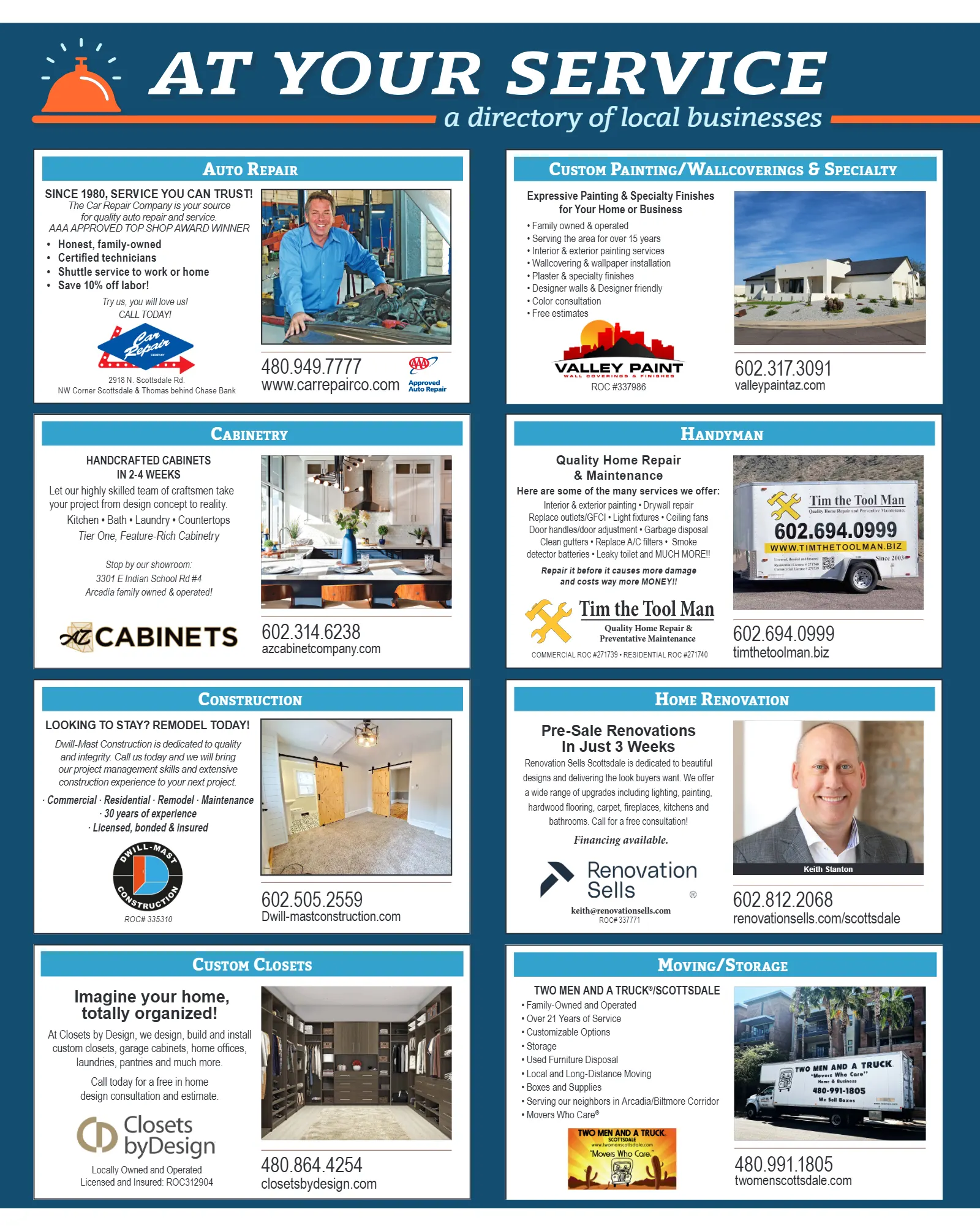 November 2023, page 60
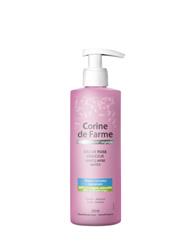 丑小鸭进化图,丑小鸭进化之路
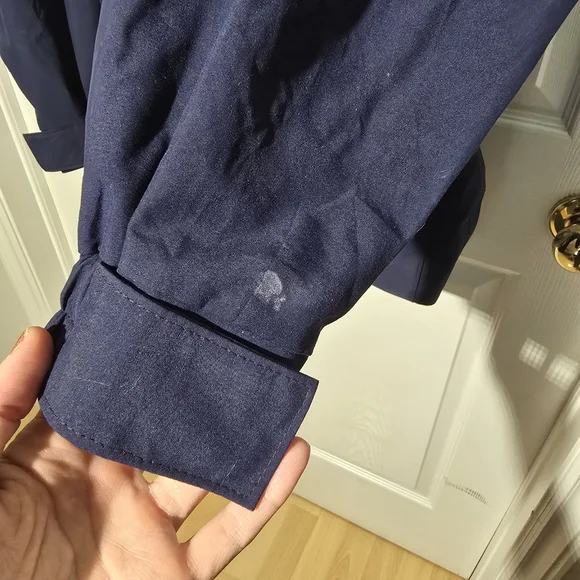 PROPPER Gore-tex Shell Jacket - Picture 4 of 8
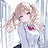 Chika Aoyama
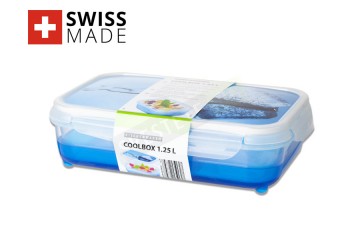 Термо кутия за храна-foto2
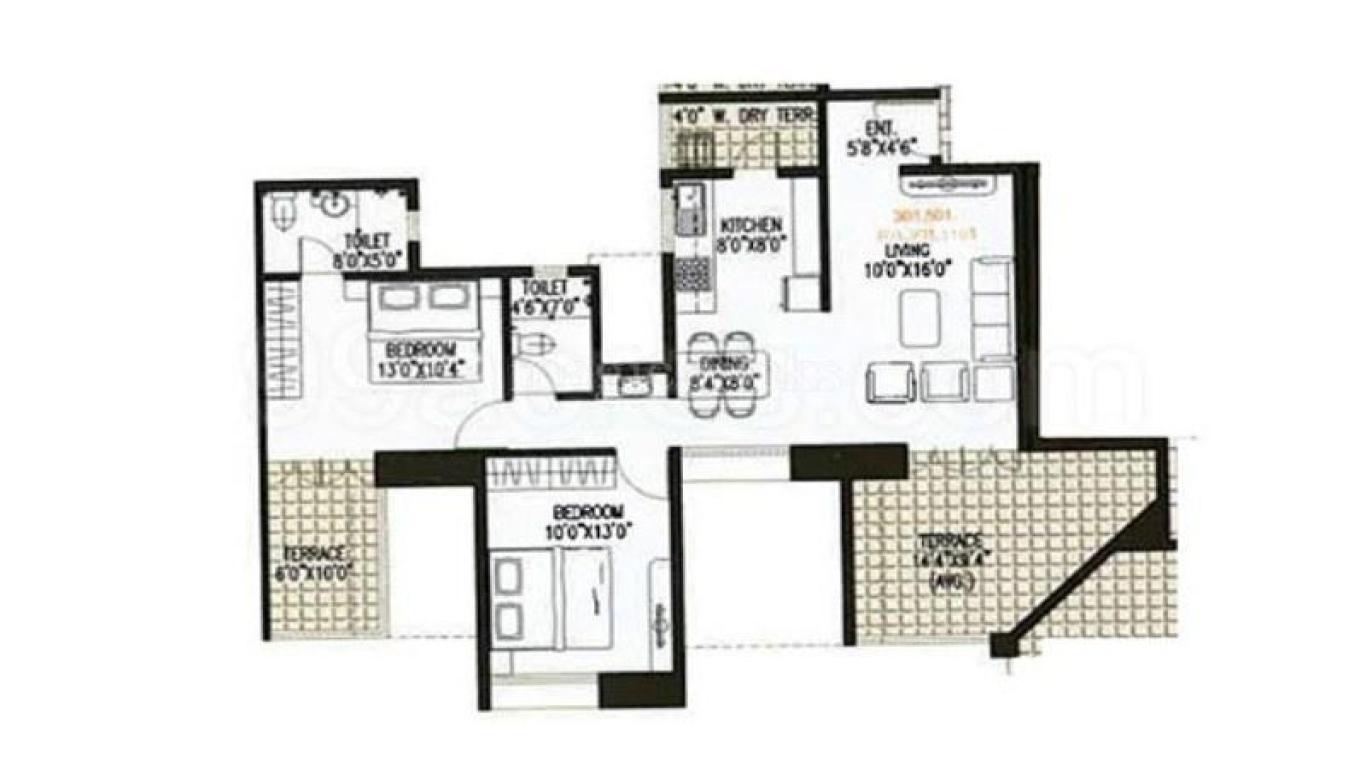 Seventh Avenue Byculla-seventh-avenue-plan-2.jpg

────

Problem to work on
Only the text of the records above, copied exactly, should be returned; the pictures stay out.

Your response
 November 2023, page 60
 丑小鸭进化图,丑小鸭进化之路
 PROPPER Gore-tex Shell Jacket - Picture 4 of 8
 Chika Aoyama
 Термо кутия за храна-foto2
 Seventh Avenue Byculla-seventh-avenue-plan-2.jpg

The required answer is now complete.